* _WHAT YOU WILL DO_: Could you copy every entry exactly, dropping the pictures?

* _RECORDS SHOWN_:

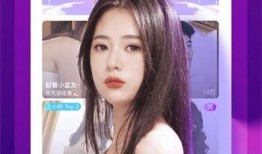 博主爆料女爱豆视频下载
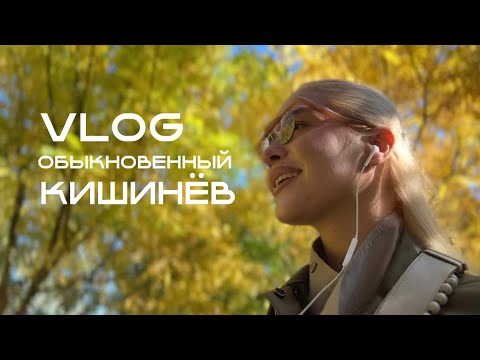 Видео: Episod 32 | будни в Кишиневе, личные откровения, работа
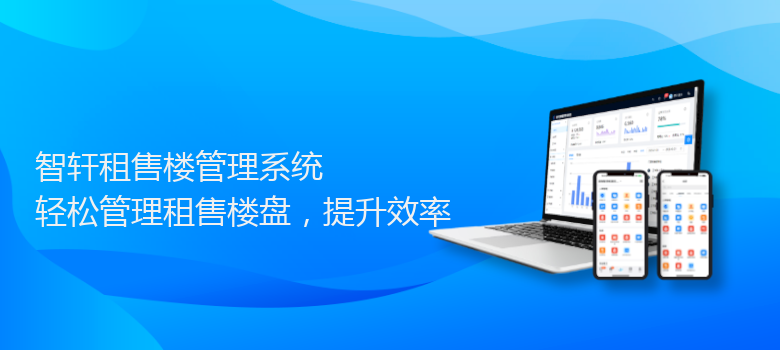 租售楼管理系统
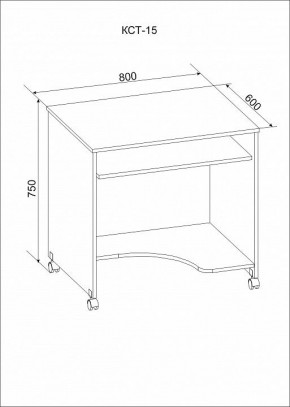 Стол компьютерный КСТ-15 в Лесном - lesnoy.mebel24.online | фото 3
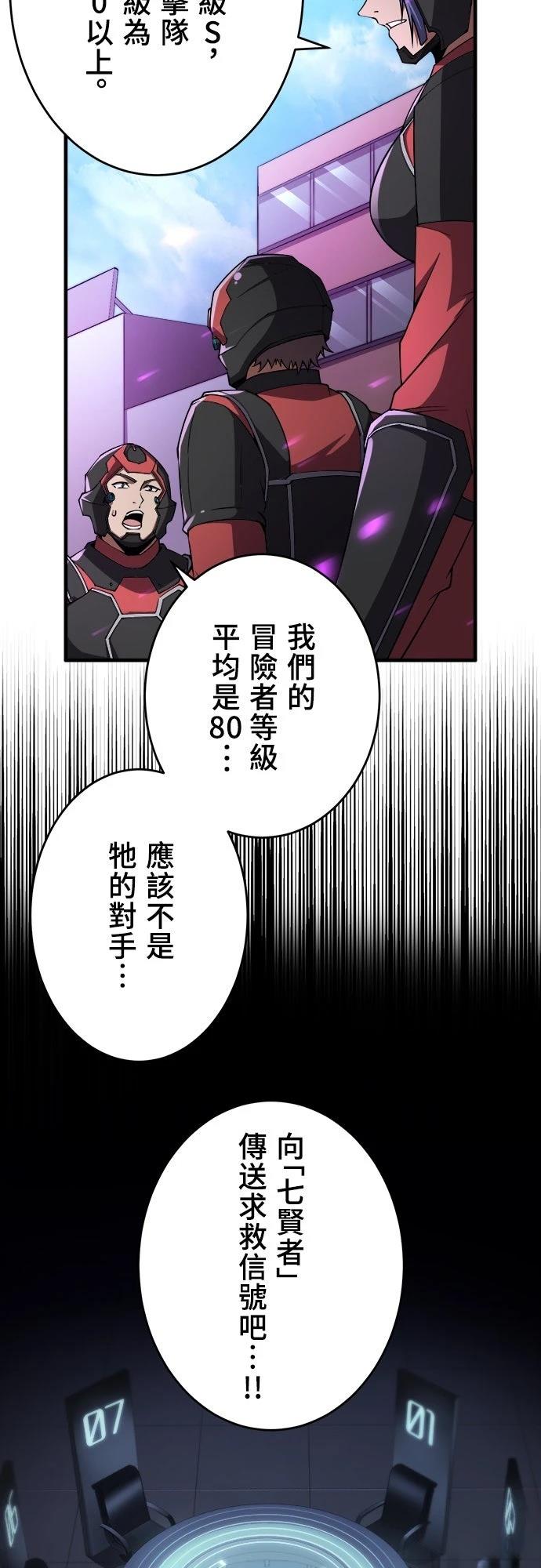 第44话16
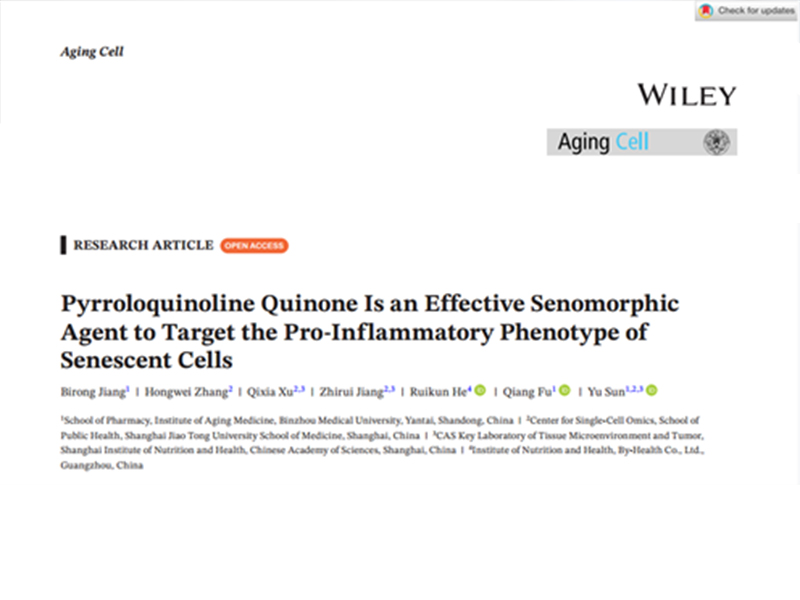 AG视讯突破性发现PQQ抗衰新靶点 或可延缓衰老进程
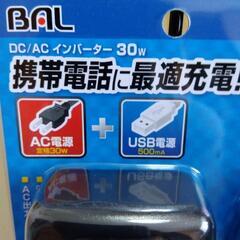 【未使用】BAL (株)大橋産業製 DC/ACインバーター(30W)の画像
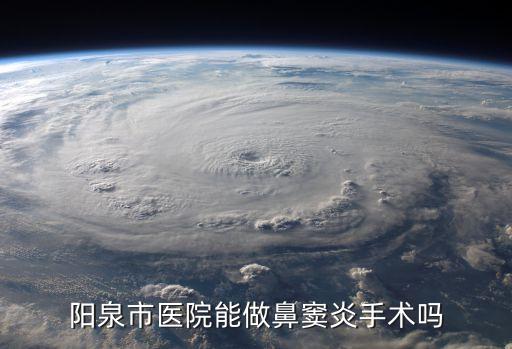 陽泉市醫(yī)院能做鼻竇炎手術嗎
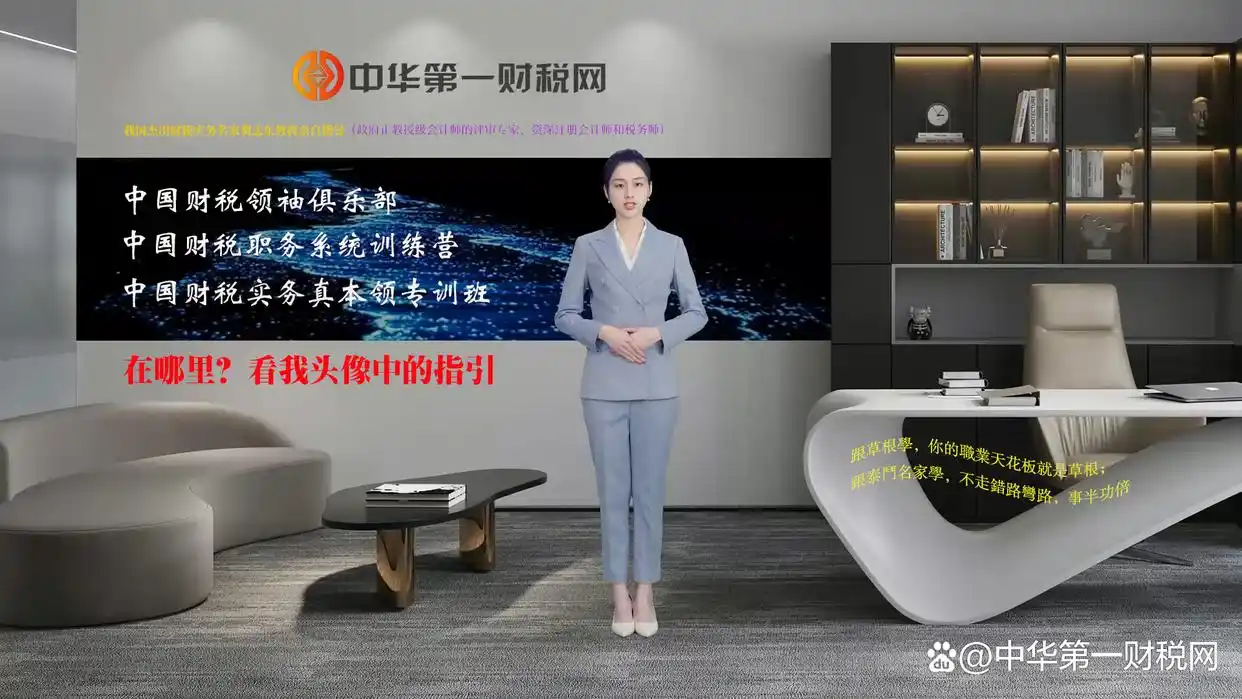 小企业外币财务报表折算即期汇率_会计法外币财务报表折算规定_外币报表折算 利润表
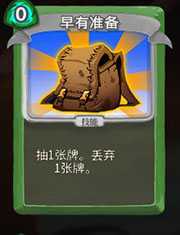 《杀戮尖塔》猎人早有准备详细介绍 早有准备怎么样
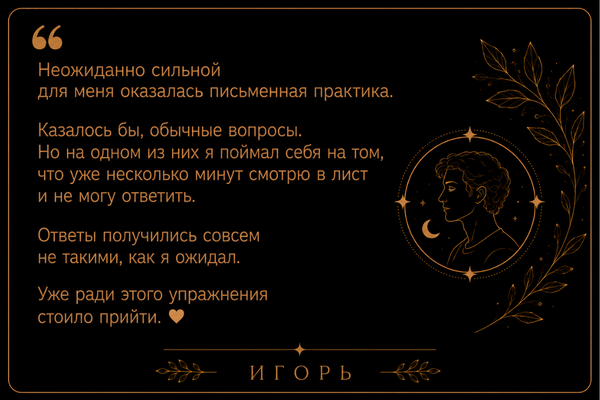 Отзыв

* _ANSWER SPACE_:
 博主爆料女爱豆视频下载
 Видео: Episod 32 | будни в Кишиневе, личные откровения, работа
 租售楼管理系统
 Стол компьютерный КСТ-15 в Лесном - lesnoy.mebel24.online | фото 3
 第44话16
 AG视讯突破性发现PQQ抗衰新靶点 或可延缓衰老进程
 【未使用】BAL (株)大橋産業製 DC/ACインバーター(30W)の画像
 陽泉市醫(yī)院能做鼻竇炎手術嗎
 小企业外币财务报表折算即期汇率_会计法外币财务报表折算规定_外币报表折算 利润表
 《杀戮尖塔》猎人早有准备详细介绍 早有准备怎么样
 Отзыв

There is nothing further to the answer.